Despite work-from-home worries, Manhattan office real estate is doing just fine
The office from which I write this column is mostly empty. So are the offices of many different companies — banks, law firms, media — I can see from the New York Post’s Midtown windows.
But does it portend a dystopian future of deserted office towers, attended by a collapse of the tax base largely dependent on the economic clout of those towers?
Nope — despite panic over a report showing companies are pitching more jobs than ever to the work-from-home crowd.
“It’s only going to get worse,” warned Partnership for New York City CEO Kathryn Wylde about findings by research firm Emsi Burning Glass. It’s “a big cultural shift, and I don’t see it reversing.”
But we’re all prisoners of the pandemic moment, just as we are of every moment. When the New Orleans Saints shut out the Tampa Bay Buccaneers on Dec. 19, NFL sages confidently stated that the lowly Saints were headed for the playoffs and Tom Brady and the Bucs were cooked.
It’s time to look beyond the end-of-days forecasts and focus on a counterintuitive truth. Despite some 7.4% space reductions since March 2020 — peanuts compared with prognostications of up to 25% — the Big Apple companies that use the most office space are taking not less but more of it, as I’ll enumerate below.
The phenomenon raises obvious questions: Are the people who run these companies all stupid? Don’t they read interviews with WFH-loving executives in the suburbs who say on cue when prompted by journalists, “I don’t care if I never have to see the LIRR/LIE/New Jersey Turnpike/Metro-North again”?
The Post exclusively reported the scary survey Monday. It showed that of major companies’ December job postings, work-from-home positions jumped to 10.6% of all openings, or 25,800 of a total 243,000.
That’s a near-quadrupling of early 2020’s 4% remote-job offerings.
Never mind that 10.6% hardly sounds like a sea change when certain other “experts” forecast that up to 75% of employees will work from home in the future. Data such as these, and other statistical and anecdotal reports, suggest to some that the city’s office market — the commercial bulwark that accounts for more tax revenue than Wall Street — is on the brink of collapse.
But as Charlie Chan was prone to say, “Contradiction, please.” The countervailing view shrugs off some companies’ repeated postponements of return-to-office dates.
For all the doom-and-gloom, major firms continue to renew huge leases — such as law firm Fried Frank at One New York Plaza downtown and Madison Square Garden Entertainment at 2 Penn Plaza in Midtown. Both re-signed for more than 400,000 square feet each.
Brand-new Manhattan leases of at least 100,000 square feet signed in 2021 included outfits of all kinds: insurance giant Chubb Group at 550 Madison Ave., Turner Construction at The Spiral, law firm Venable at OneFiveFive, pharmaceutical-software developer Schrödinger at 1540 Broadway and spirits-maker Suntory at 11 Madison Ave.
In the last two weeks alone, streaming-television-hardware pioneer Roku inked for a quarter-million square feet at Five Times Square. That triples its New York space. Wait — isn’t Roku the kind of company, with its young and tech-savvy workforce, you’d expect to send everyone home?
A few days later, Touro College and University took 240,000 square feet at Three Times Square. So much for the idea that whole obsolete office towers might be “converted” to educational uses — in this case, an actual educational institution is paying a high office-market rent to be in one that is anything but obsolete.
Some of the new leases were signed at rents above $100 per square foot, the longtime benchmark for the classiest tenants in the fanciest buildings.
Meanwhile, overall Manhattan office leasing jumped by a robust 8.3% in the fourth quarter, undeterred by Omicron. There’s still plenty of space available, and rents are lower overall — but that hardly amounts to a sinking ship.

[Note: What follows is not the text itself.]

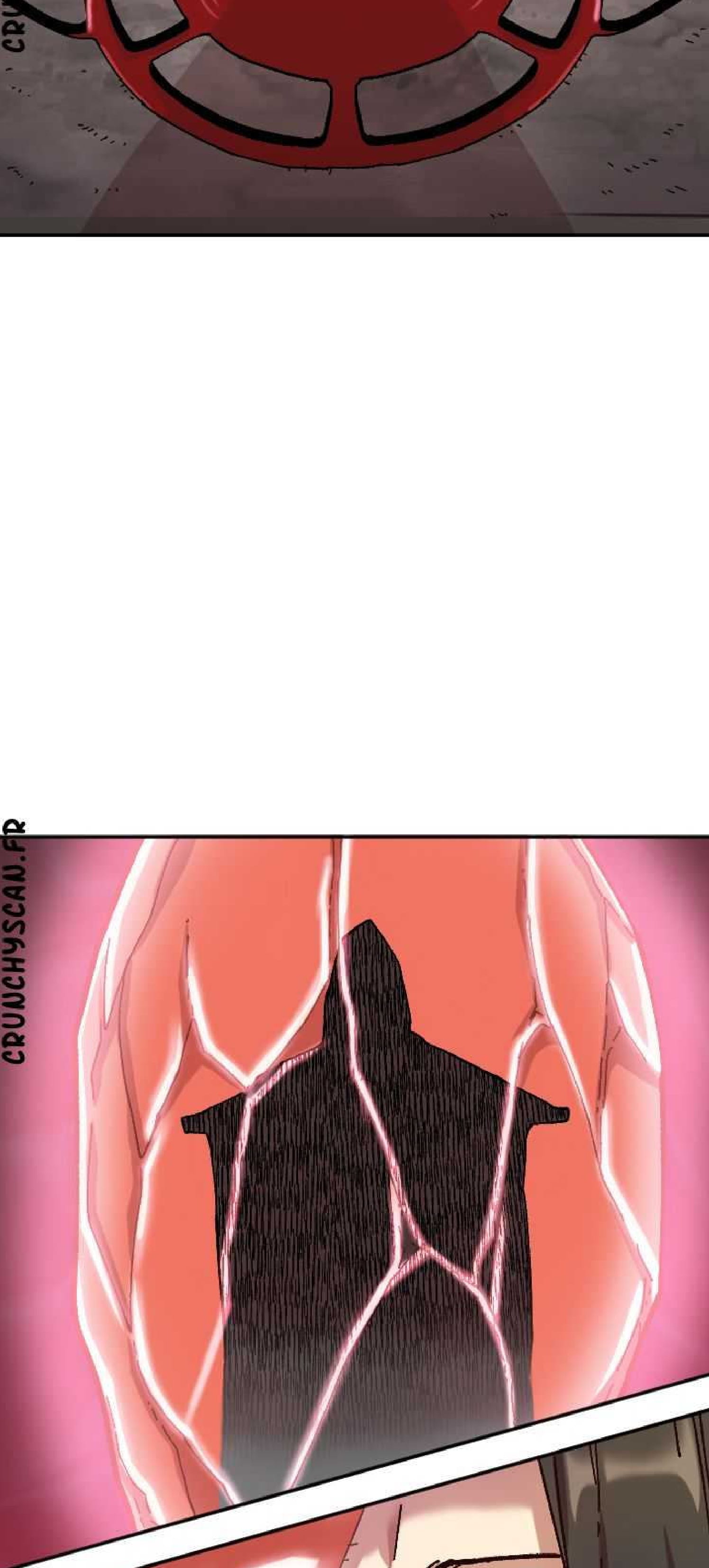 Read Slave B FR Manga Online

More large deals might be announced soon, possibly including for IBM and investment firm Franklin Templeton at One Madison Ave.

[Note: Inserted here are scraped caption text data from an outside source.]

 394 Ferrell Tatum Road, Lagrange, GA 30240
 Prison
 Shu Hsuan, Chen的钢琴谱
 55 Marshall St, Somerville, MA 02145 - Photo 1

Another barometer of confidence lies in building sales. Not only did the city’s so-called investment-sale market return to pre-pandemic levels in 2021 — Manhattan office towers dominated it with 14 sales totaling $3.55 billion, more than half of the market that includes residential and industrial properties.
Sure, Manhattan buildings’ total value is down — how could it not be in today’s climate? — but no owners have yet been observed jumping off their roofs.

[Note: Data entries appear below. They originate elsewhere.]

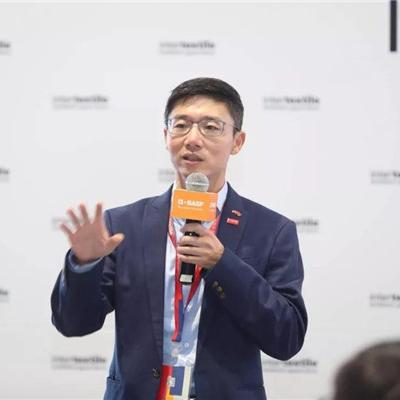 牛仔纺织品品牌排行榜前十名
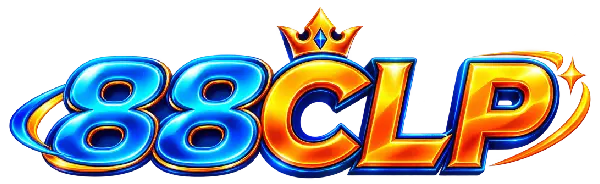 www.88clpslot.com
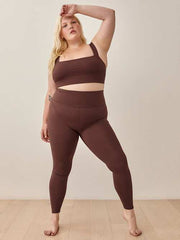 Ellie Ecostretch Bra Es
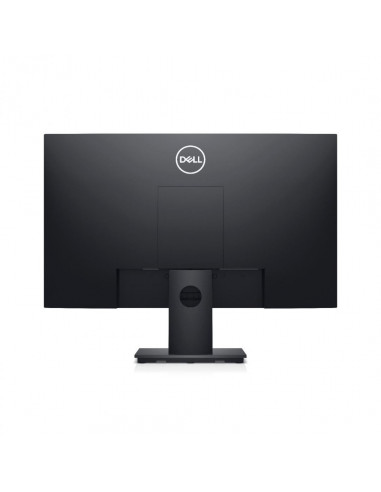 Monitor Dell 23.8'' E2421HN, 60.47 cm, LED, IPS, FHD, 1920 x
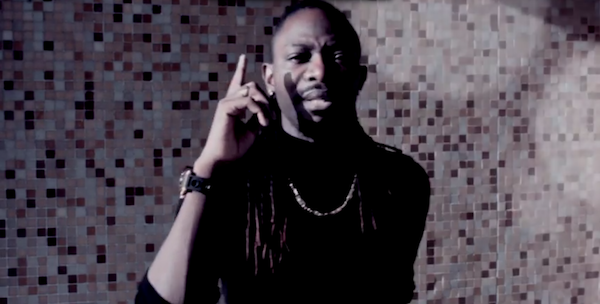 ojb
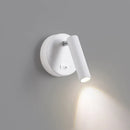 GobekUsa LED Wall Lamp Modern Spotlight Indoor Lighting for Living Room & Bedroom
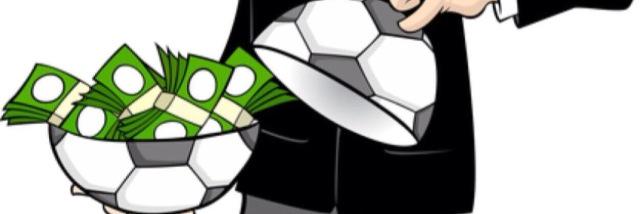 PronoVIP_Fixed's profile banner image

The pattern of resiliency could change, of course. Much will depend on how effectively Mayor Eric Adams can tame crime and homelessness, especially in the subways and at Penn Station. An unexpected new viral strain on the heels of receding Omicron could further delay back-to-office plans.
But assuming no further catastrophes, the city and Manhattan especially will recapture their allure to the best and brightest careerists — and the skyline won’t go dark any time soon.